Title: Mammalian Ecologist
Research on the ecology and conservation of mammals
Vertebrate Natural History IB364
Community ecology, population biology, natural history, and conservation of mammals.
Selected Research Projects
White-nose syndrome in Illinois bats
Steve Taylor, Andy Miller, Tony Yanarell, Nohra Mateus-Pinilla, Joe Merritt, and Ed Heske
We are conducting studies to monitor the occurrence and impact of white-nose syndrome in bat hibernacula in Illinois. We also are examining fungal and microbial assemblages on bats and in hibernacula before and after invasion by the disease agent (the chrysophilic fungus Geomyces destructans) to evaluate community responses, including possible resistance, to the invading fungus.

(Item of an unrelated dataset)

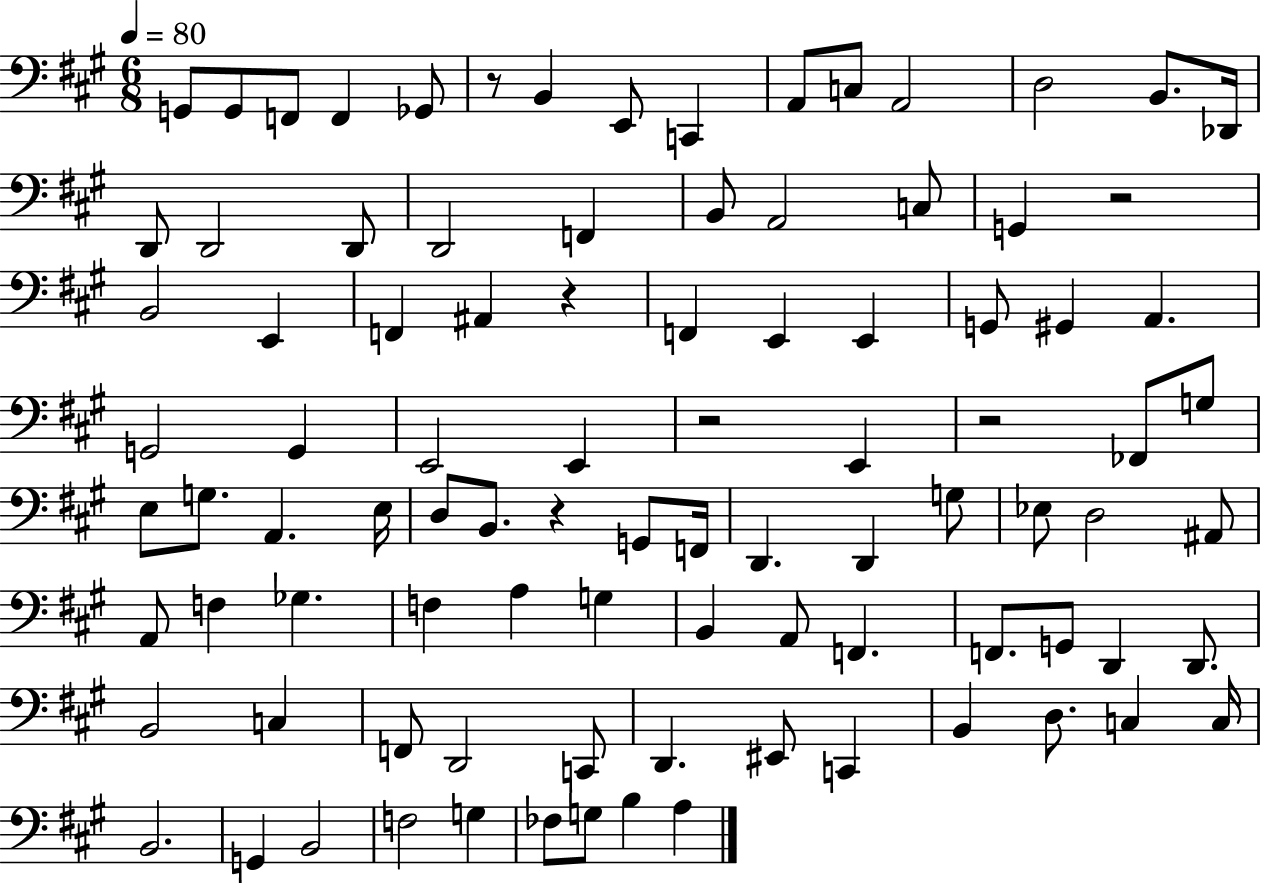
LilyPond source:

Monitoring effects of train traffic on wildlife and plants
Ed Heske, Chris Whelan, Dave Enstrom, Jeff Levengood, Yong Cao, Allen Plocher, Brenda Molano-Flores, and John Tucker
We are monitoring how songbirds, songbird nest success, water quality, aquatic communities, plant communities, reptiles and amphibians, and insects are affected by railroad traffic in selected nature preserves in the west Chicago area. This is a 5-year study that will document differences between biotic communities near railroad tracks and away from them, and monitor changes over time as train traffic increases.

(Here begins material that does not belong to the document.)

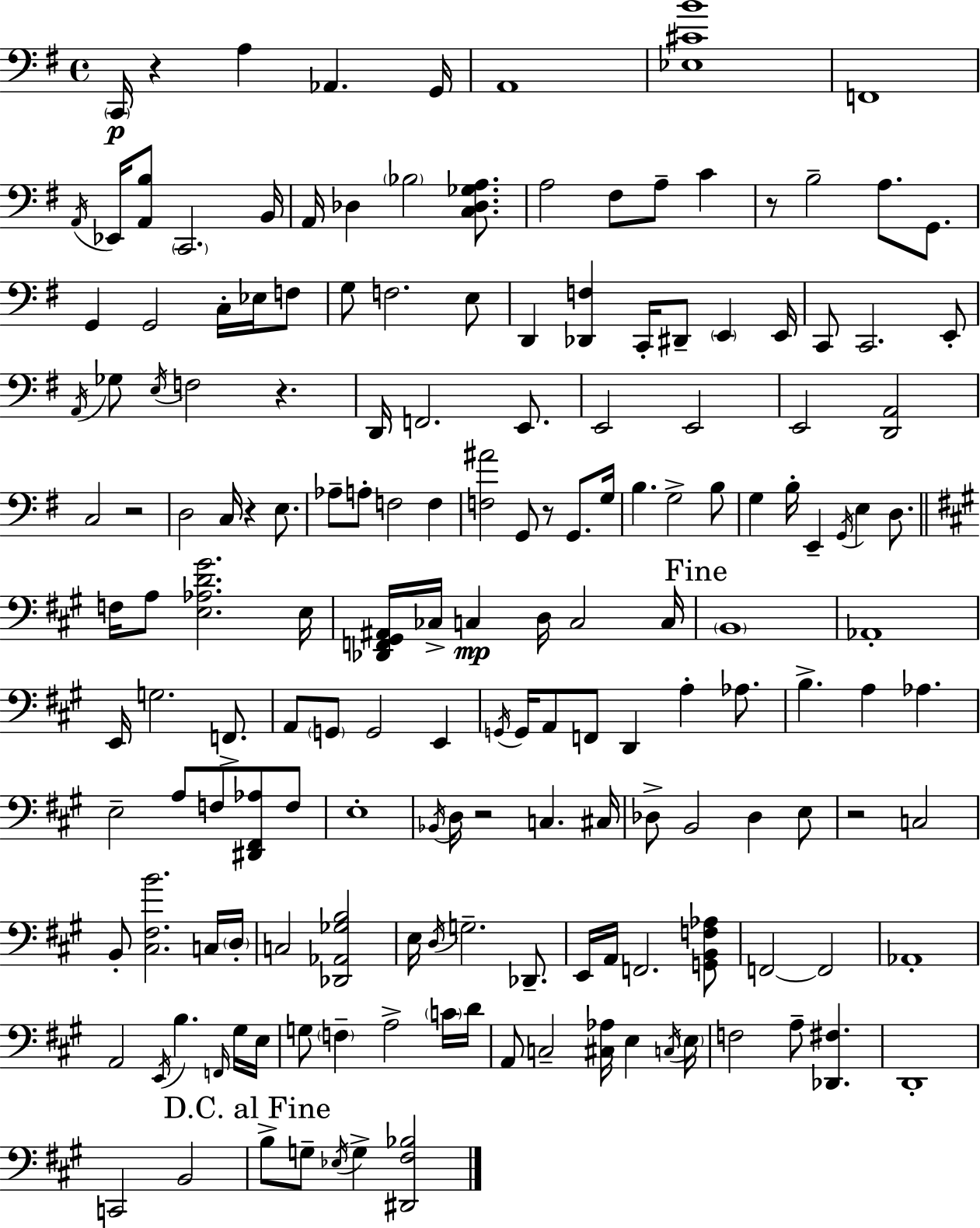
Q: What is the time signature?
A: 4/4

Songbird communities and nesting success in riparian forests in an agricultural region
Suzanne Beyeler and Ed Heske
Field studies (Beyeler dissertation research) include evaluating the effects of exotic invasive shrubs on songbird nest success, comparing how landscape and local habitat factors affect nest success, and examining how stream size (order) affects composition of bird communities in 12 riparian forests in central Illinois.

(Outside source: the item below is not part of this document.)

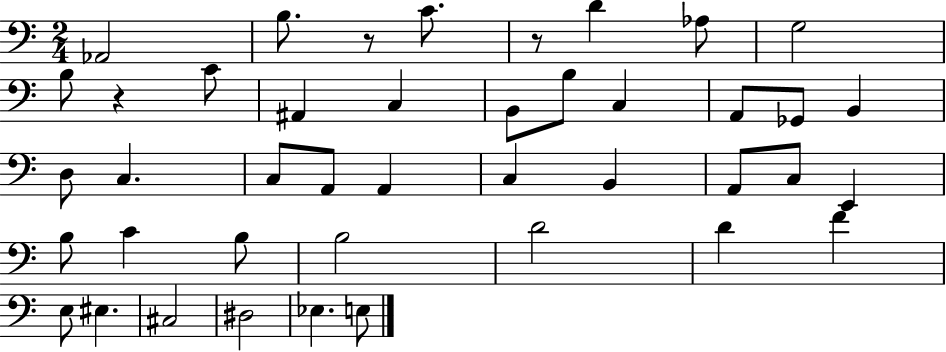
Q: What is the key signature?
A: C major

Ecology of Franklin's Ground Squirrel (Poliocitellus franklinii) in Illinois
Jenny Duggan, Ed Heske, and Bob Schooley
Surveys (Duggan dissertation research) for FGS are being conducted at sites in Illinois, Iowa, Indiana, Missouri, and Wisconsin to evalaute habitat use, using an occupancy modeling approach. In collaboration with Working Dogs for Conservation, we are evaluating the use of trained search dog - handler teams to search for this uncommon, elusive species, and comparing effectiveness of using search dogs to traditional live-trapping surveys. We also are conducting field experiments with radio-collared ground squirrels to assess movement patterns and barriers to dispersal.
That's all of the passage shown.